I have now just turned 25 years old. Sure, I’ve traveled a bit, I have a job, I live on my own, but I am always craving something more. I feel that my life isn’t meant to be conventional. Some people my age have a full-time job, have gotten married, had children, but for me I crave something else. I have never pictured my life being the typical/safe way of living.
I do not have the pull to get married, have kids, or work mindlessly 9-5 as weeks of my life roll by. I have always almost felt overwhelmed when I think of this lifestyle – not that I judge anyone for wanting it. I realize everyone has different views of what is going to make them the happiest.
To be open and honest, there have been so many times in the past where I have felt the pressure of other people. I have spent time worrying about what this person or that person will think of me if I make a decision that is unusual or out of the box.

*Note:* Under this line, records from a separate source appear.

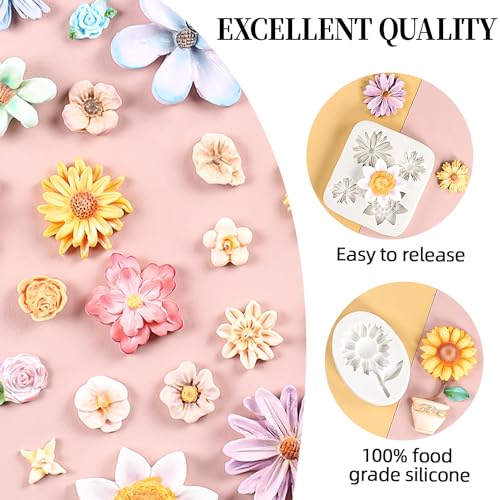 4Pcs Sunflower Fondant Silicone Mold for Cake Topper Decoration Chocolate Candy Sugar DIY Craft Gum Paste (4 Count)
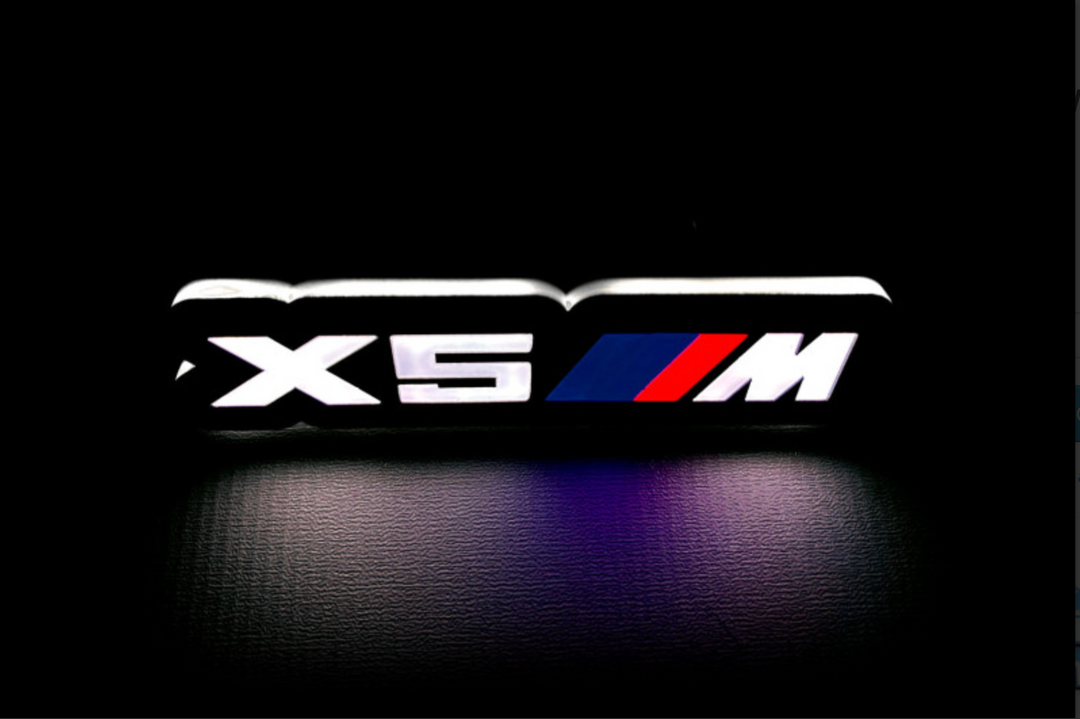 BMW Illuminated LED Radiator Grille Emblems and Badges with X5 ///M (type 1) logo BMW Led Emblems decoinfabric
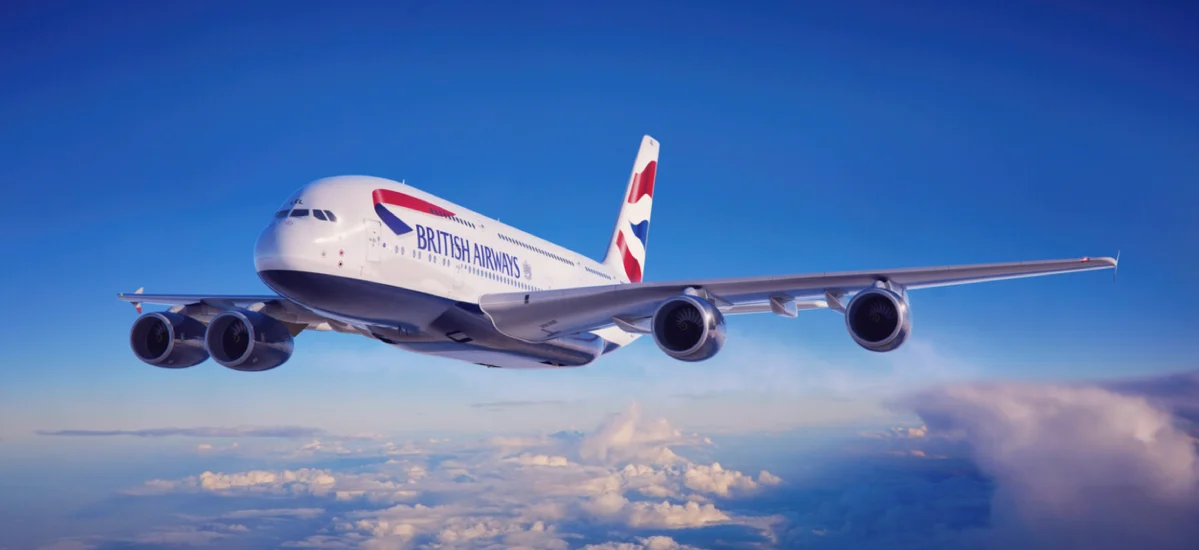A British Airways A380 in flight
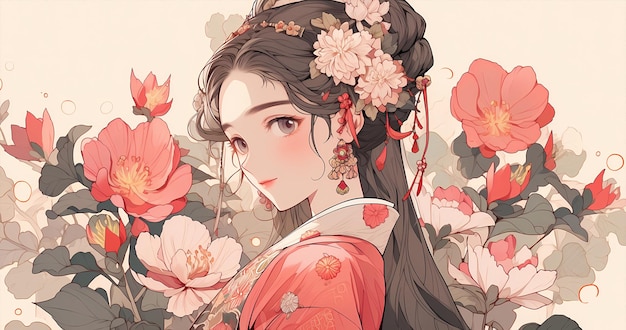 Hand drawn cartoon beautiful illustration of Chinese girl in flowers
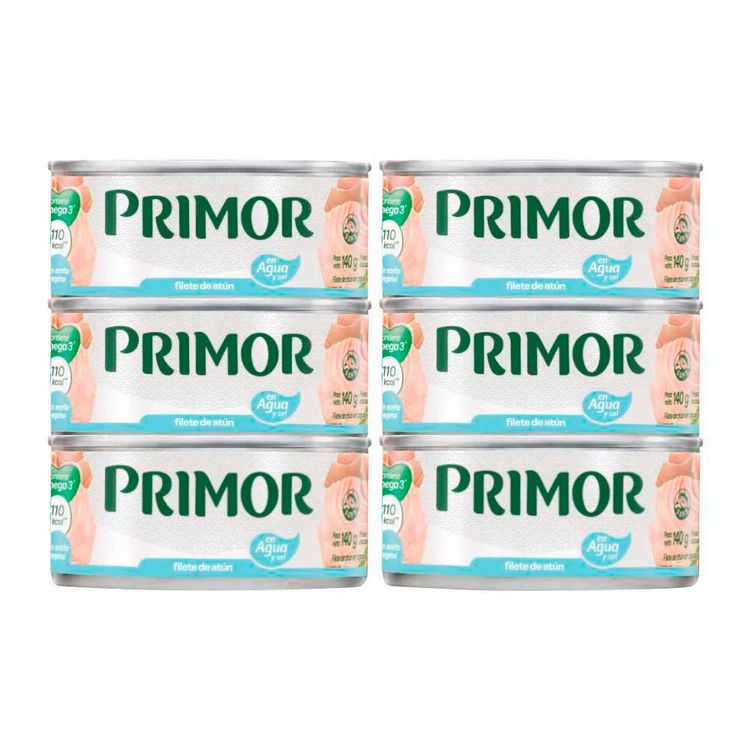 Sixpack Filete de Atún en Agua Primor 140g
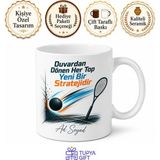 Tupya Gift Squash Oynayanlara Özel Baskılı Kupa Bardak Duvardan Seken Top Hediye - Adet - Beyaz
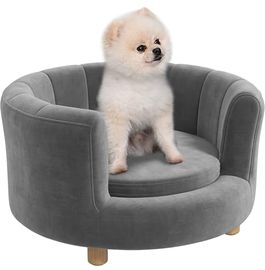 PawHut Hundesofa Hundecouch, Waschbarer Bezug, mit Rückenlehne und Holzbeine, für kleine Hunde unter 4,5 kg, Grau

I have feared that I might fail and have others snicker and make remarks behind my back. With this being said, I have grown a lot and learned to push these fears out of my mind. I have made many decisions that have turned out to make me extremely happy. I decided that traveling is one of the most rewarding experiences in my life and I will continue to make traveling a priority. I have decided that I won’t settle for jobs, people, or situations that make me unhappy. I have decided that no matter what happens I have to always trust my instincts and not listen to people who tell me my decisions are wrong.
We have one life to live and we shouldn’t waste it on satisfying other people’s opinions. Go out & and make all your dreams a reality. Everything will work out in the end.